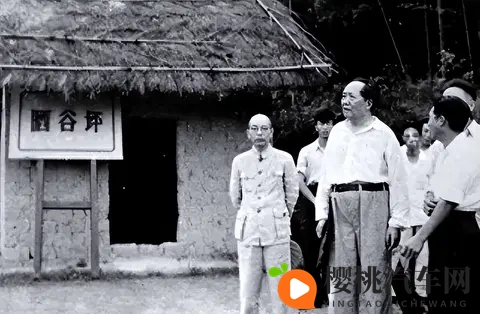 【看图说文】韶山冲里那辆银灰色吉姆车-2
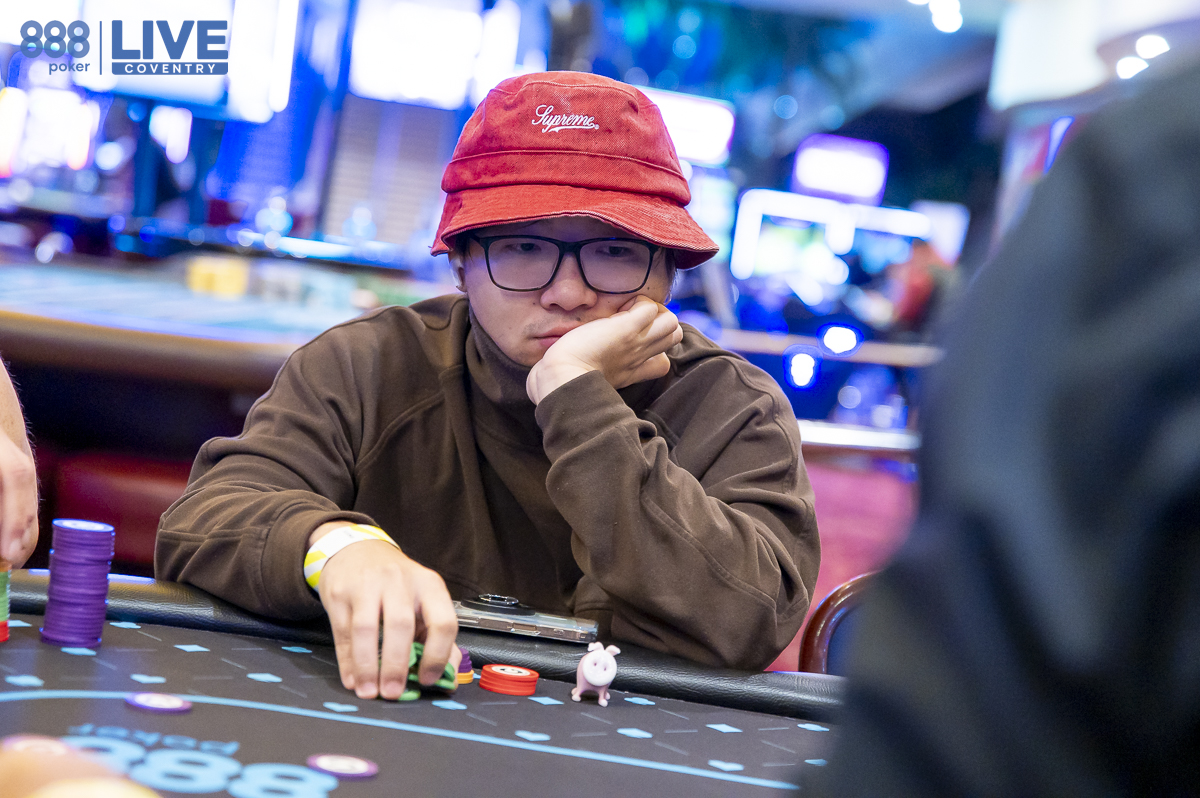 jogador de poker a pensar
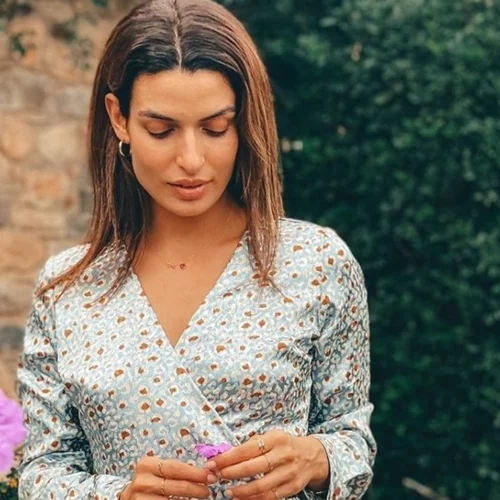 Τόνια Σωτηροπούλου | Σου δείχνει πως να μετατρέψεις σε φούστα το αγαπημένο σου maxi φόρεμα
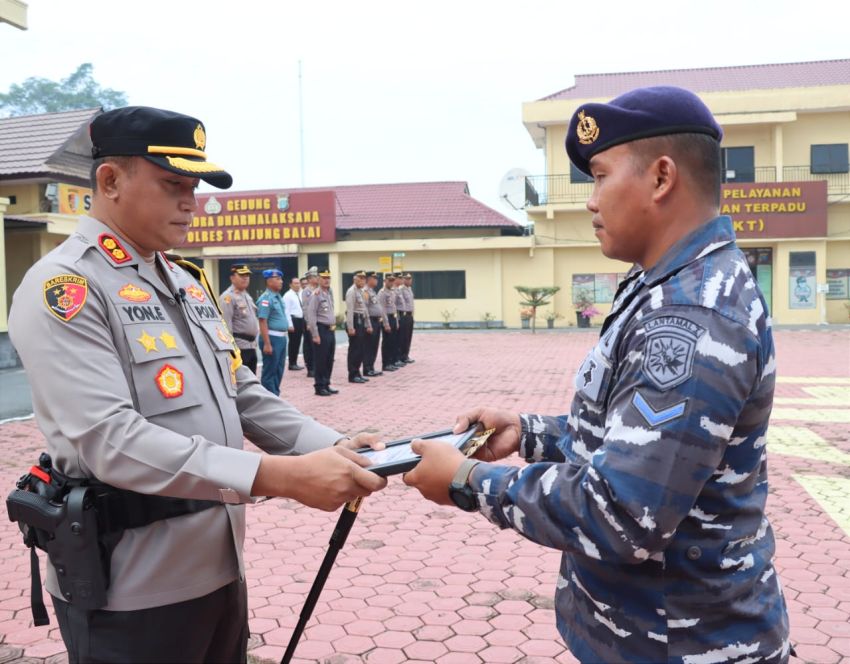 Kapolres Tanjung Balai Berikan Penghargaan kepada 2 Orang Personel TNI AL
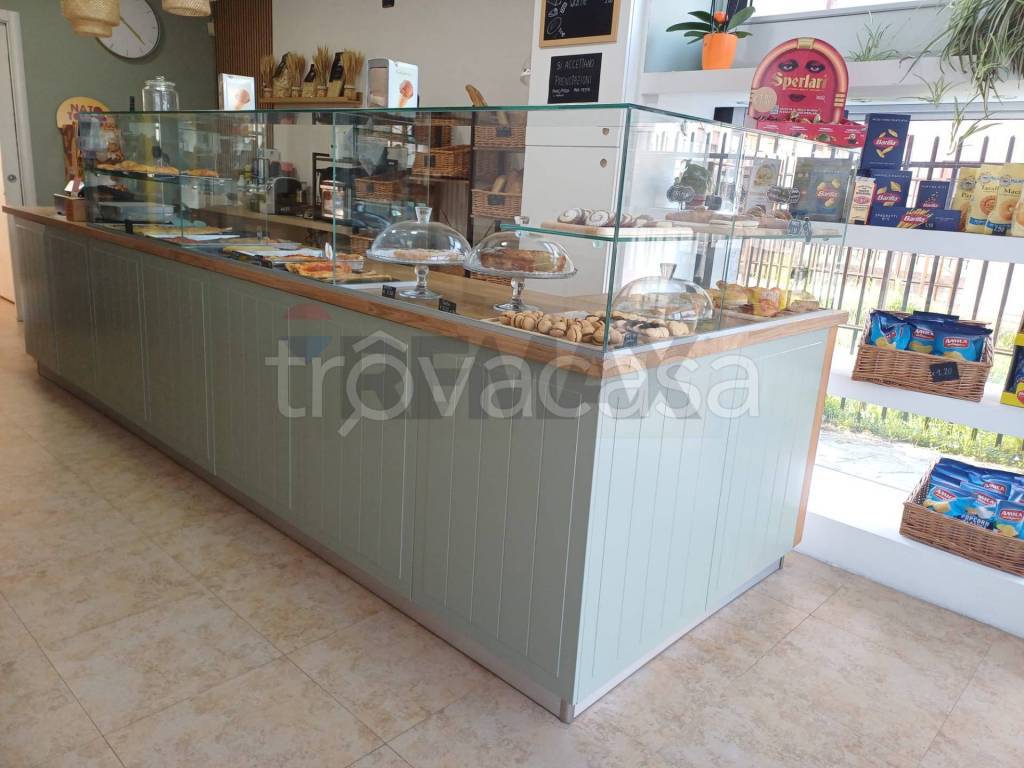 negozio in vendita a Cornaredo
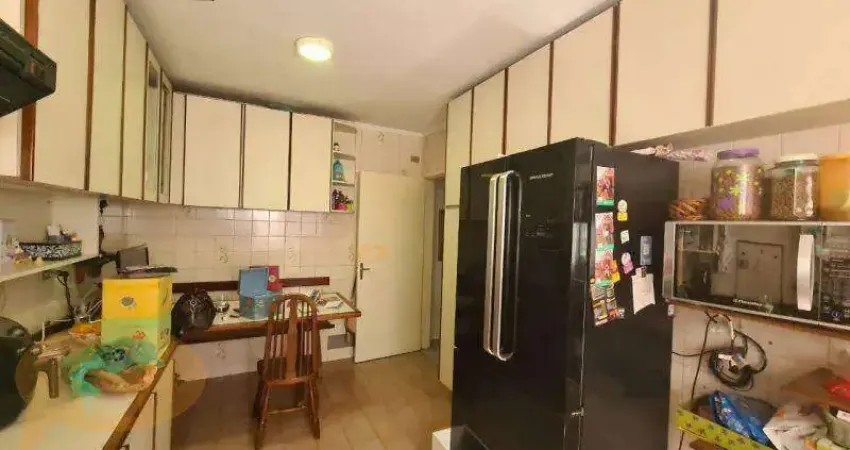 SOBRADO à venda, 3 quartos, 2 vagas, Vila Firmiano Pinto - São Paulo/SP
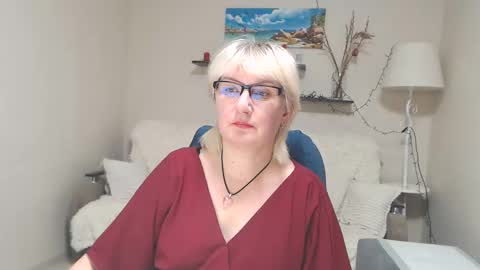 Snapshot of leilamays chatting on 01.15.25 Leila Kinky online show from 01.15.25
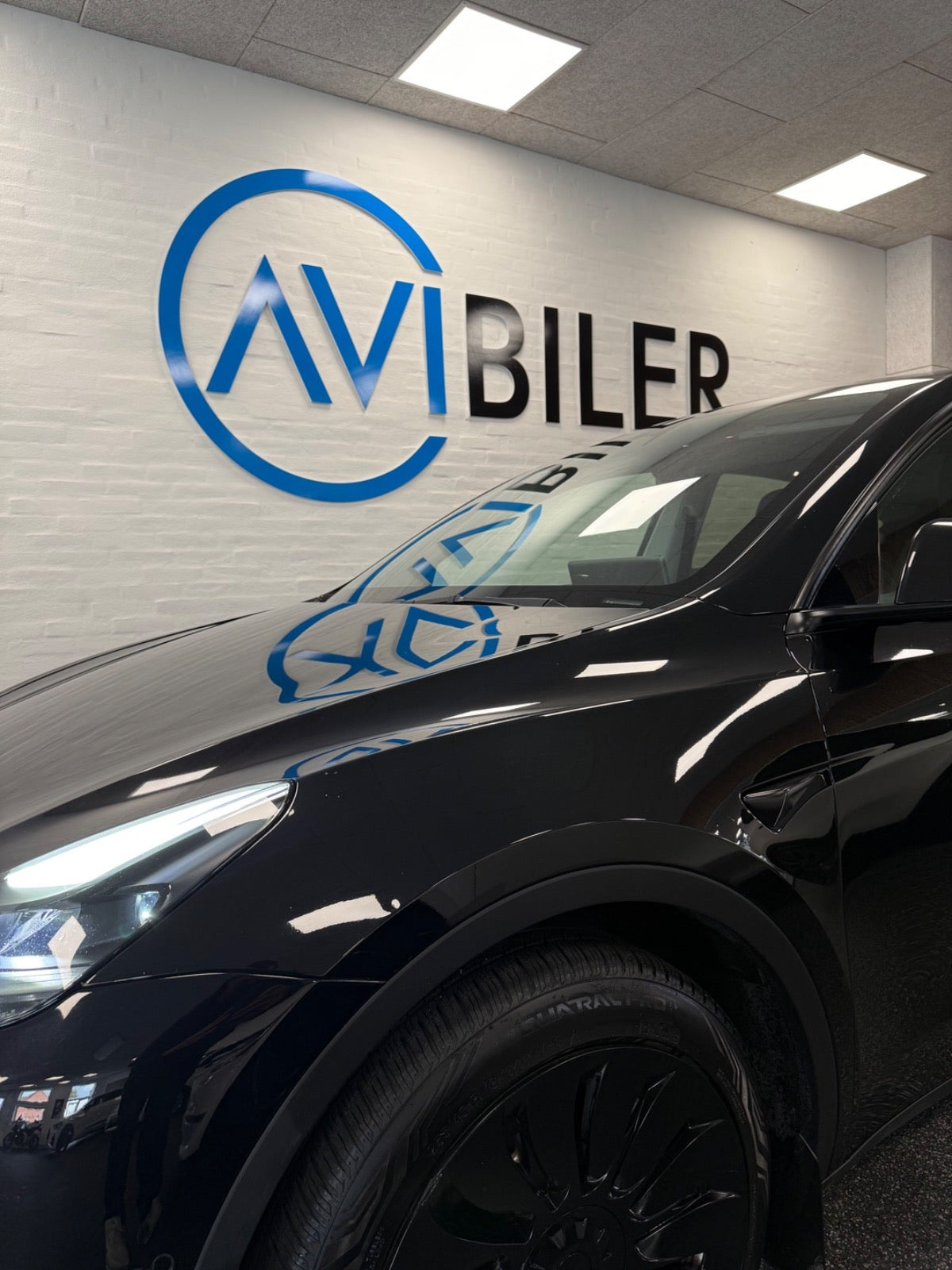 Sort Tesla Model Y fra 2023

## Exercise:
Return nothing except the lines from the line with "Τόνια Σωτηροπούλου |" through the last line of the records above, copied exactly and without pictures.

## Task result:
 Τόνια Σωτηροπούλου | Σου δείχνει πως να μετατρέψεις σε φούστα το αγαπημένο σου maxi φόρεμα
 Kapolres Tanjung Balai Berikan Penghargaan kepada 2 Orang Personel TNI AL
 negozio in vendita a Cornaredo
 SOBRADO à venda, 3 quartos, 2 vagas, Vila Firmiano Pinto - São Paulo/SP
 Snapshot of leilamays chatting on 01.15.25 Leila Kinky online show from 01.15.25
 Sort Tesla Model Y fra 2023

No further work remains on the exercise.